_What this task involves_
Of the lines in the material below, print only those from the one containing "Vikings practice goes primetime" to the one containing "Canopy Tres Patas 2005 Front Label", ends included, exactly as written and without pictures.

_Input material_
┄┄┄┄┄┄┄┄┄┄┄┄┄┄┄┄┄┄┄┄

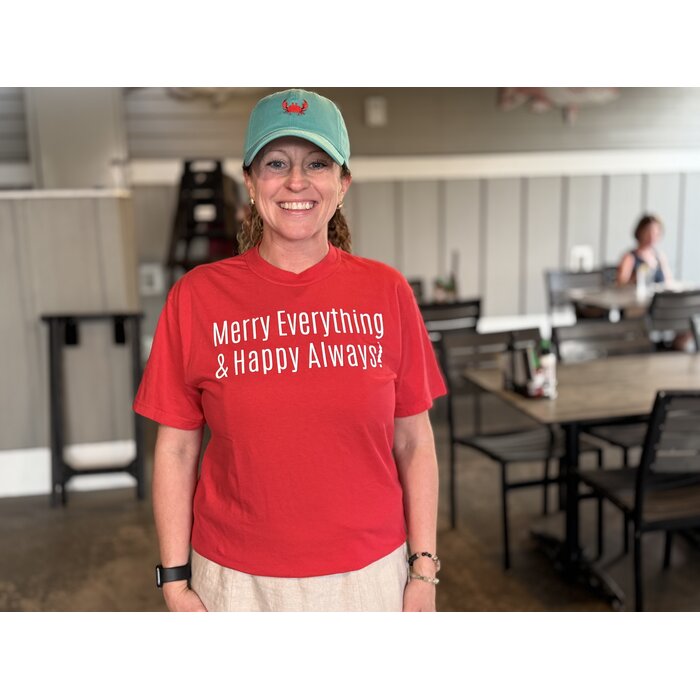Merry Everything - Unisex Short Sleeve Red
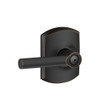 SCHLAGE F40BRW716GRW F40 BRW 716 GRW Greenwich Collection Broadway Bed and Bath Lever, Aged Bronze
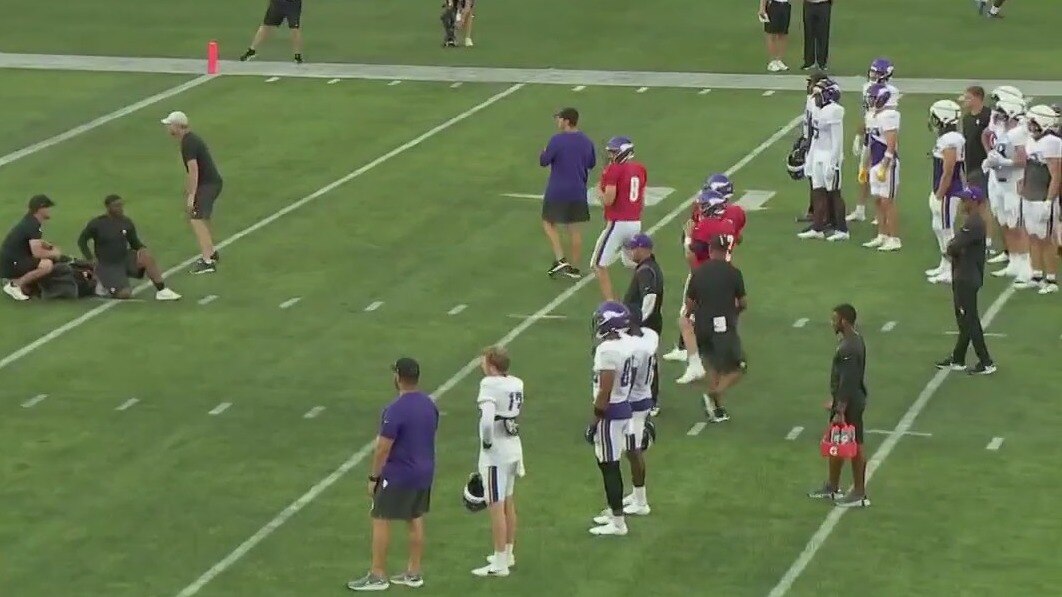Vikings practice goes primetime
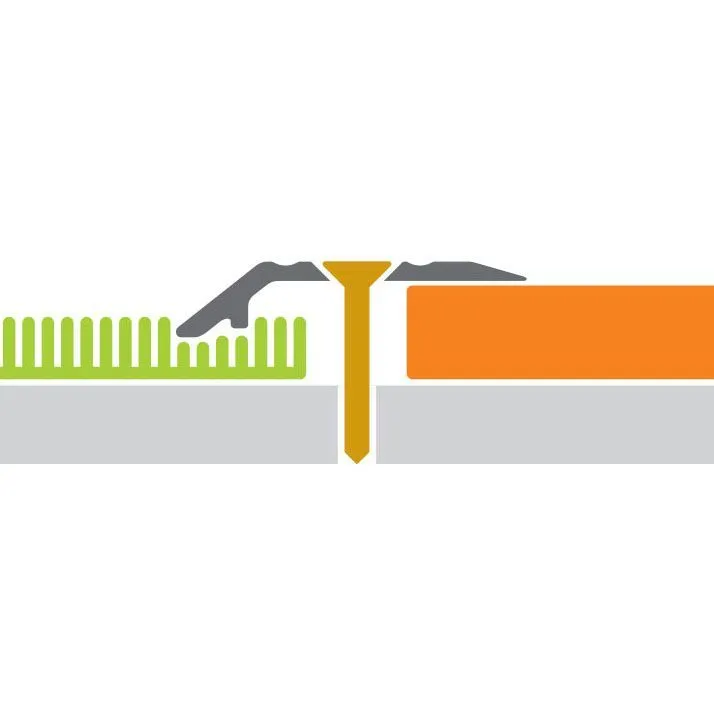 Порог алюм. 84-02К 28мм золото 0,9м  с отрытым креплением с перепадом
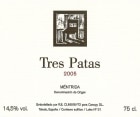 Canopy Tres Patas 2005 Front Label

┄┄┄┄┄┄┄┄┄┄┄┄┄┄┄┄┄┄┄┄

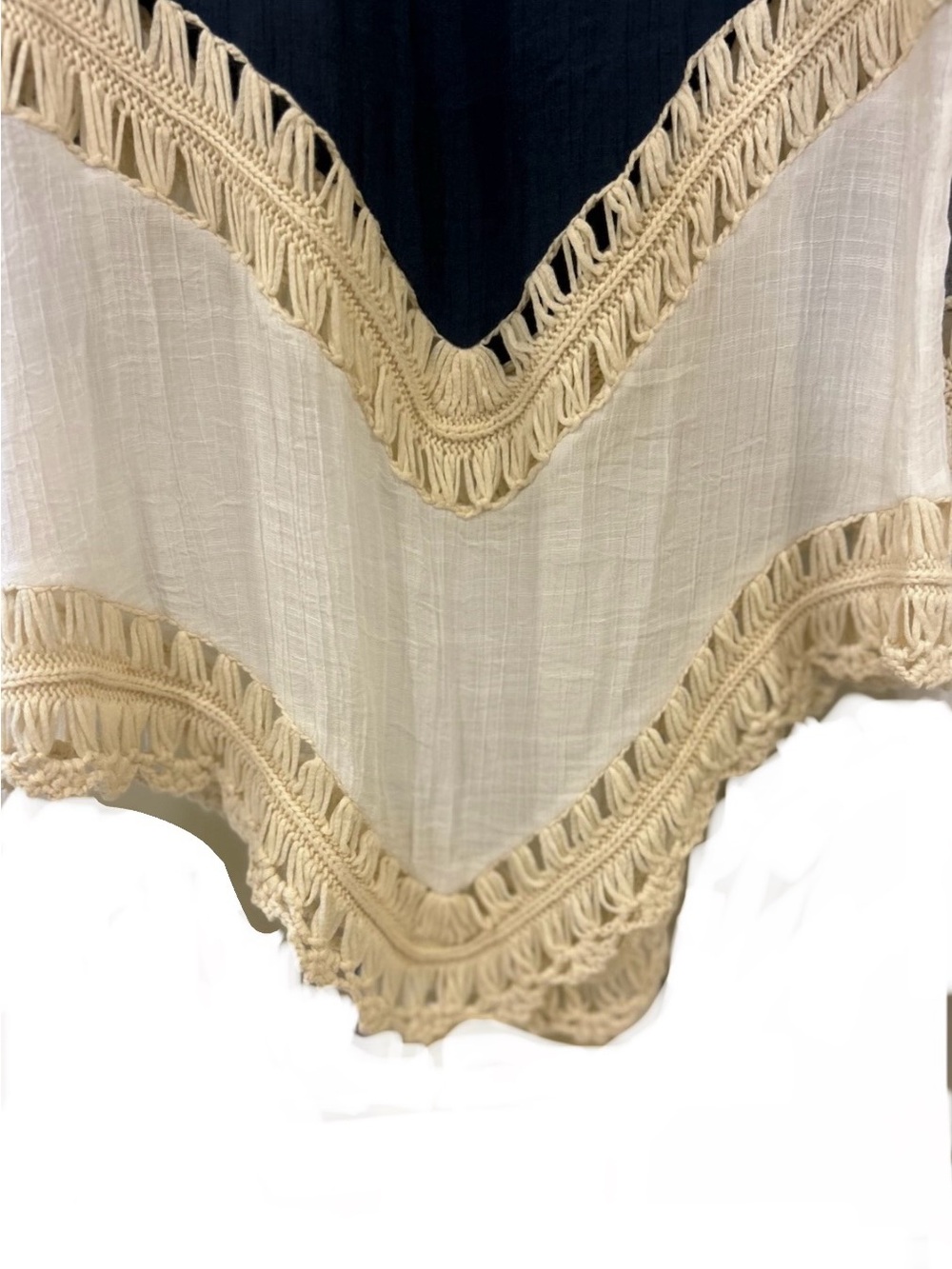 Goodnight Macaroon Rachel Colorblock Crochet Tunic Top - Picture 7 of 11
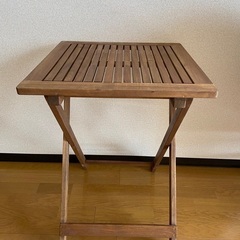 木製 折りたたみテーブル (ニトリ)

┄┄┄┄┄┄┄┄┄┄┄┄┄┄┄┄┄┄┄┄

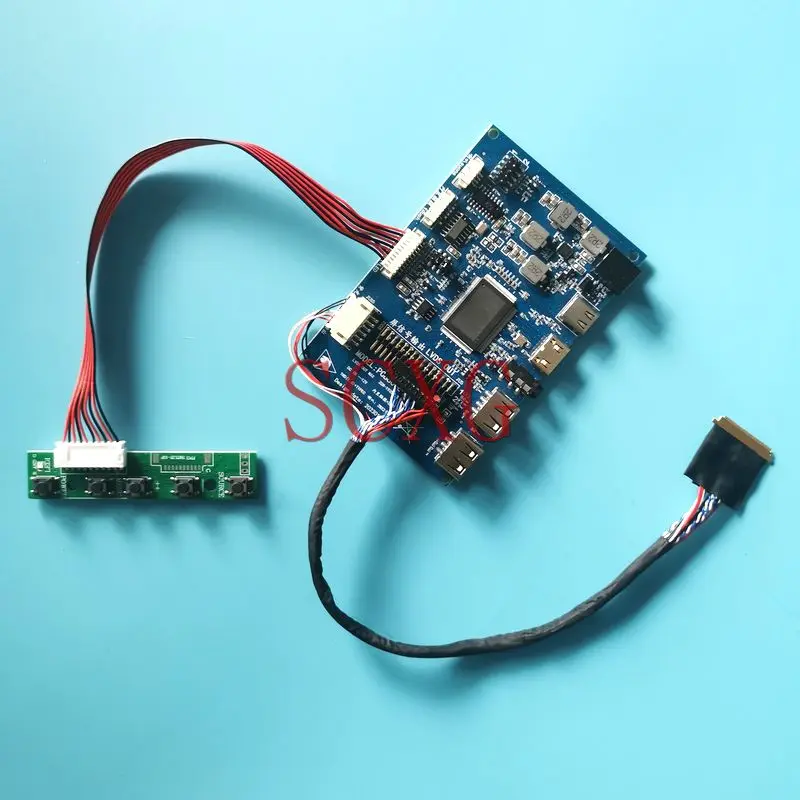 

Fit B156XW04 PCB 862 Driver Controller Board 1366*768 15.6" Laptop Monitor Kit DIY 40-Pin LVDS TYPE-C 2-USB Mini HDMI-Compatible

┄┄┄┄┄┄┄┄┄┄┄┄┄┄┄┄┄┄┄┄

_The answer_
Vikings practice goes primetime
 Порог алюм. 84-02К 28мм золото 0,9м  с отрытым креплением с перепадом
 Canopy Tres Patas 2005 Front Label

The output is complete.